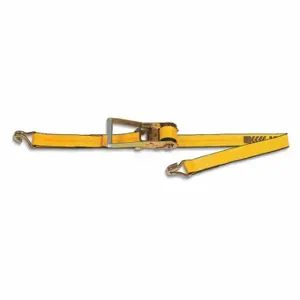 KINEDYNE 573060GRA Tie Down Strap, 30 ft Cargo Tie Down Length, 2 Inch Cargo Tie Down Width, 1 | CR6QXY 48PX32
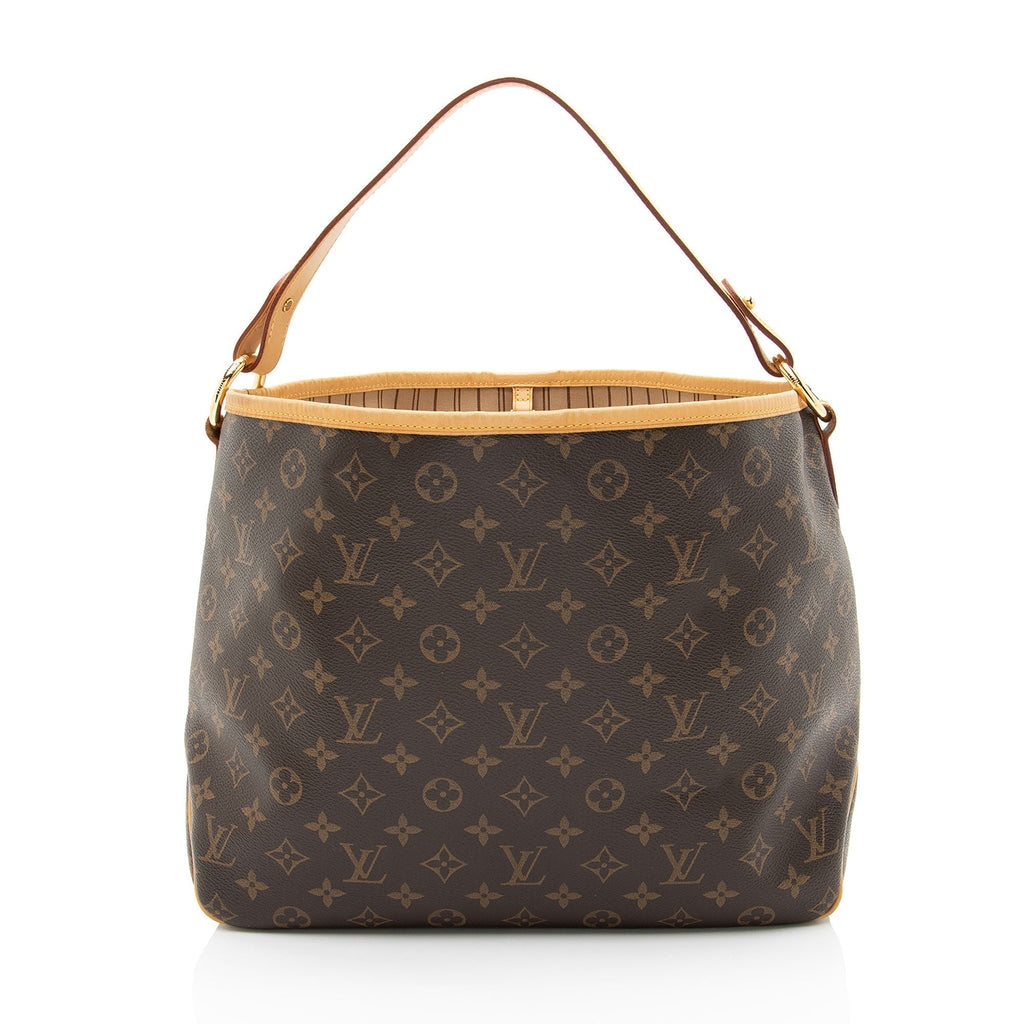 Louis Vuitton Monogram Canvas Delightful MM Shoulder Bag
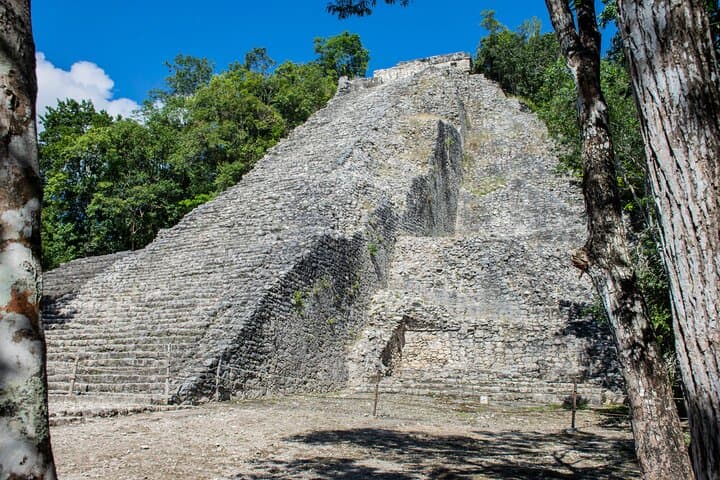 Tulum, Coba & Cenote Kuxtal: Full-Day Ruins and Cenote Adventure from Tulum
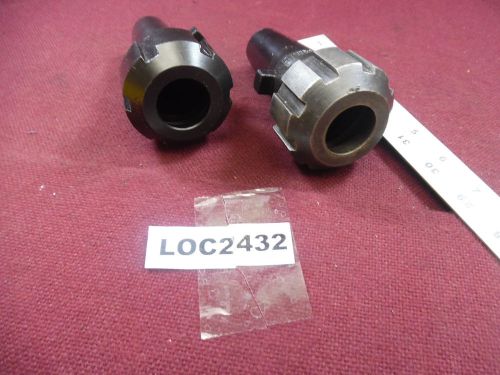 LOT OF 2 UNIVERSAL ENG. KWIK SWITCH 300COLLET CHUCK ZZ   LOC2432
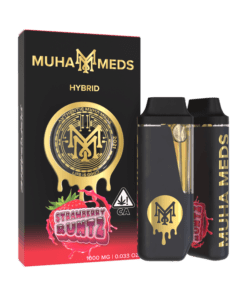 MUHA MEDS STRAWBERRY RUNTZ 2 GRAMS DISPOSABLE | HYBRID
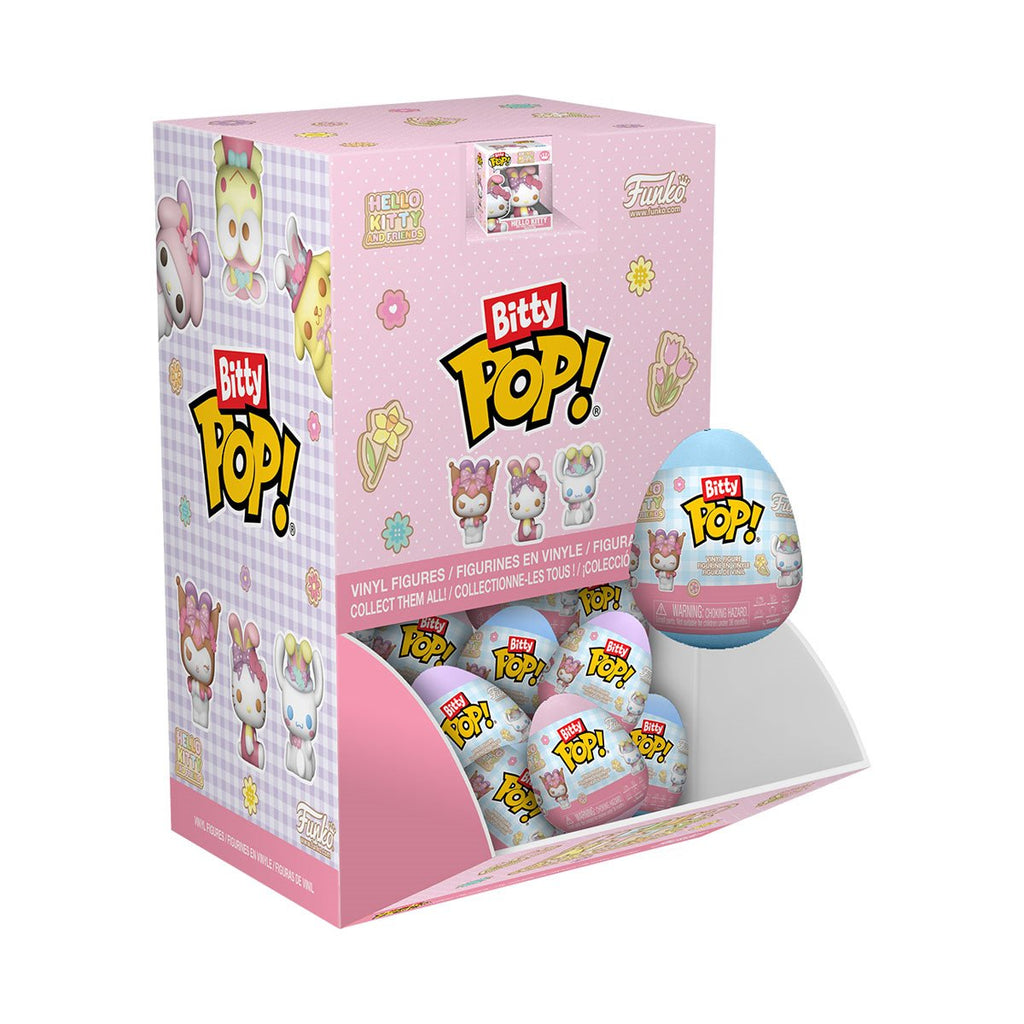 Hello Kitty Spring Funko Bitty Pop! Egg Mini-Figure - Random 6-Pack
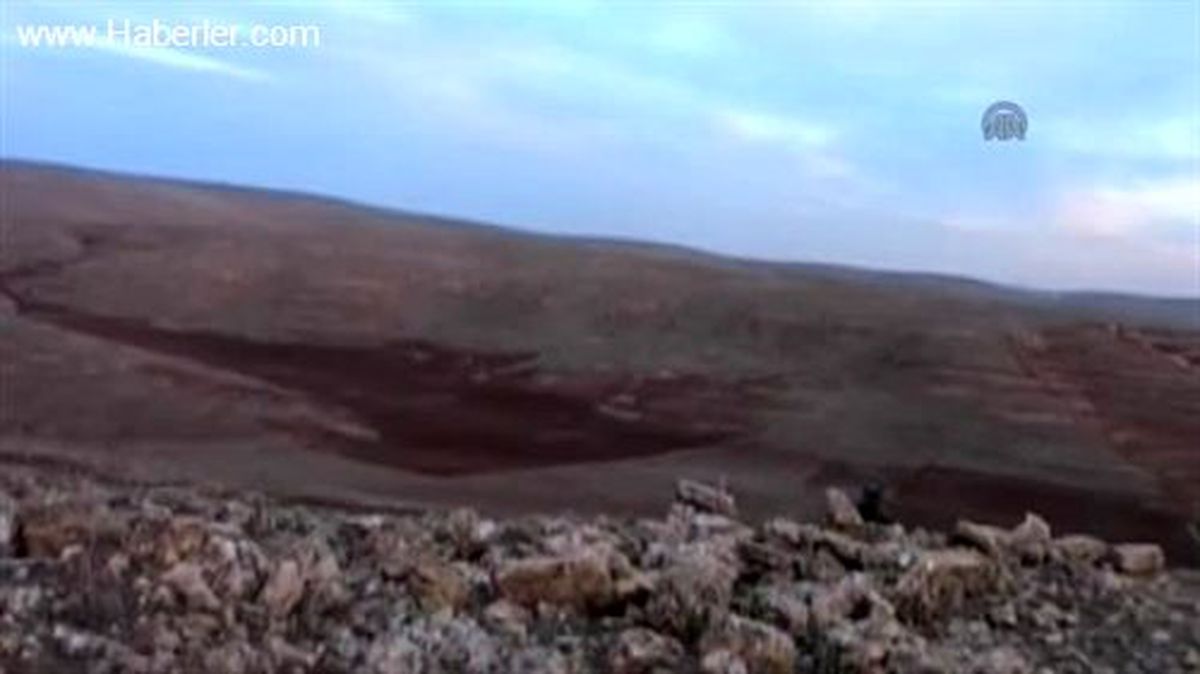 Mardin\'de Mağarada Bulunan Mühimmat İmha Edildi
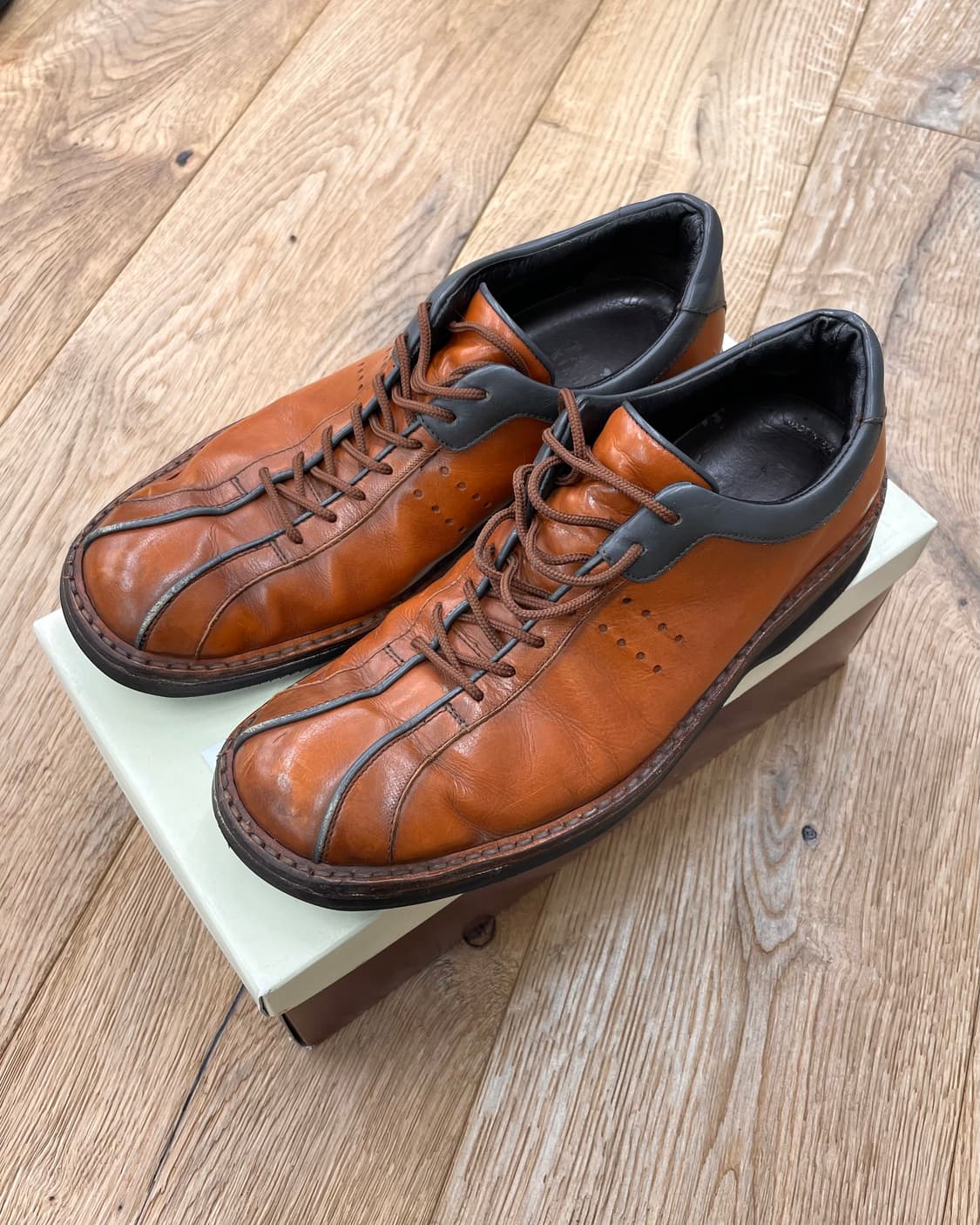 [259] 타케오키쿠치 레더 슈즈 상품이미지7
◆ ◆ ◆ ◆ ◆ ◆ ◆
→ **TASK BRIEF**
Your answer must be the lines from the one containing "LOT OF 2 UNIVERSAL" through the final line of the entries, duplicated exactly, with both ends kept and all pictures left out.

→ **ANSWER FOR THE TASK**
 LOT OF 2 UNIVERSAL ENG. KWIK SWITCH 300COLLET CHUCK ZZ   LOC2432
 MUHA MEDS STRAWBERRY RUNTZ 2 GRAMS DISPOSABLE | HYBRID
 Hello Kitty Spring Funko Bitty Pop! Egg Mini-Figure - Random 6-Pack
 Mardin\'de Mağarada Bulunan Mühimmat İmha Edildi
 [259] 타케오키쿠치 레더 슈즈 상품이미지7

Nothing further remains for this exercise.